The Fundamental Things Apply as Time goes By or a reaction to the history of Northern Ireland

2 Nov

One of the big problems with learning history is that it happens in the past. People tend to focus in the distant past, where the problems and troubles have been separated been time and generations. Growing up, I remember learning about dates like 1613, 1776, 1812, and 1850. Those events and the times they happened seemed like they happen on another planet, not another time. So it was shocking to hear dates like 1998 and 2006. In 1998, the only thing that mattered to me was Power Rangers and what was for dinner. Meanwhile, in another country, children are killing for their country. In the Free Derry Museum, there was a photo of a child wearing a gas mask and holding a can of petrol to be used for later bomb. That stuck with me. That child wouldn’t be much older than me right now, if he survived.
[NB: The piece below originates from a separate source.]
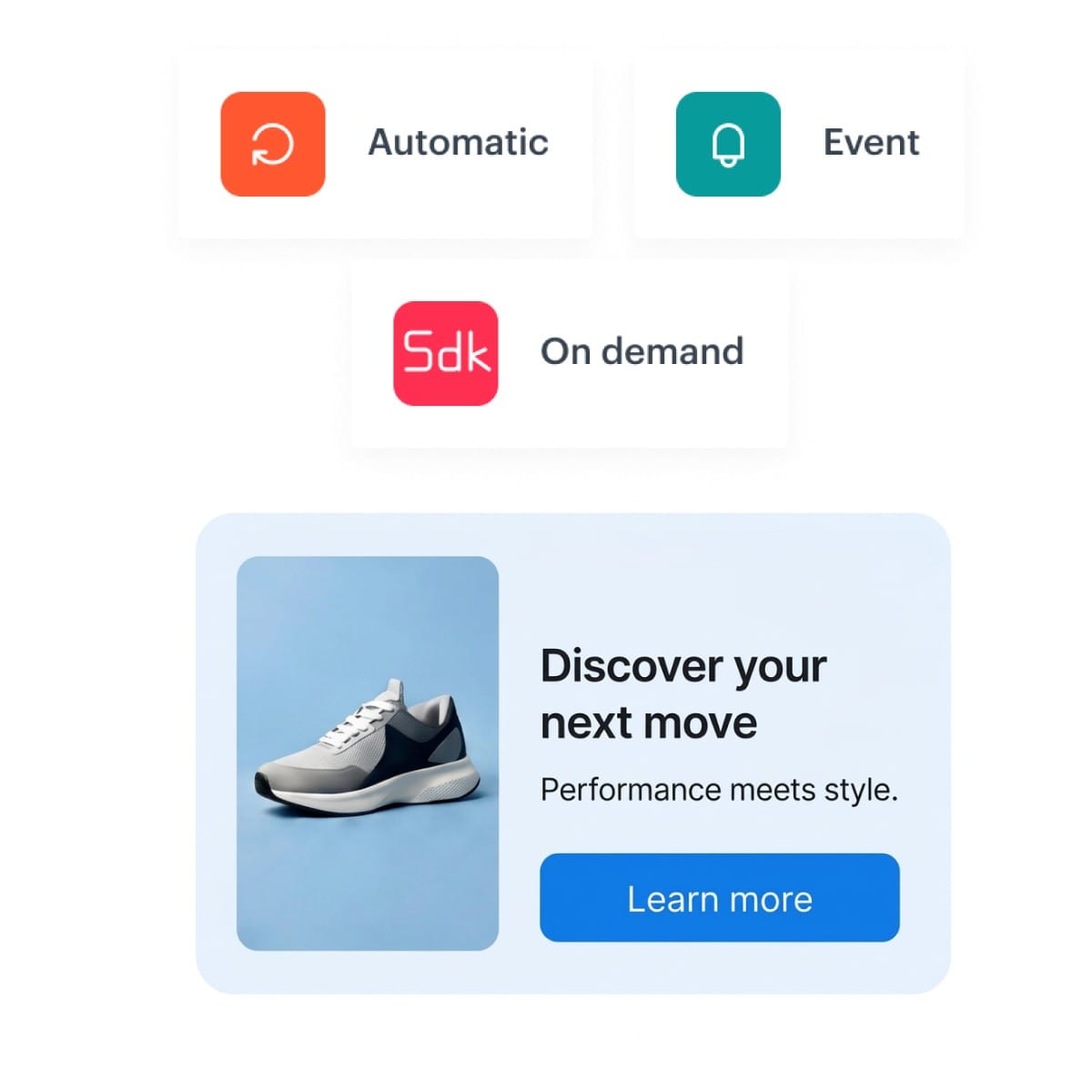 Three trigger modes for inline in-app messages: Automatic, Event and On demand, above a sneaker banner shown in a placement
Hearing the guides and their own memories of the violence that rocked Northern Ireland really meant something. They lived through an event that will forever remain in the history books, and we got to hear it without the desensitizing effect that the march of time can have. One of the qualities that America loves to associate with itself is youth; we love to remind ourselves that we were born out of European countries thousands of years old, and we, less than three-hundred. But we need to remember that history did not stop when we signed the Constitution. The world is a constantly changed organism, one that needs to be looked after so the children of tomorrow can grow up without a gas mask and petrol can.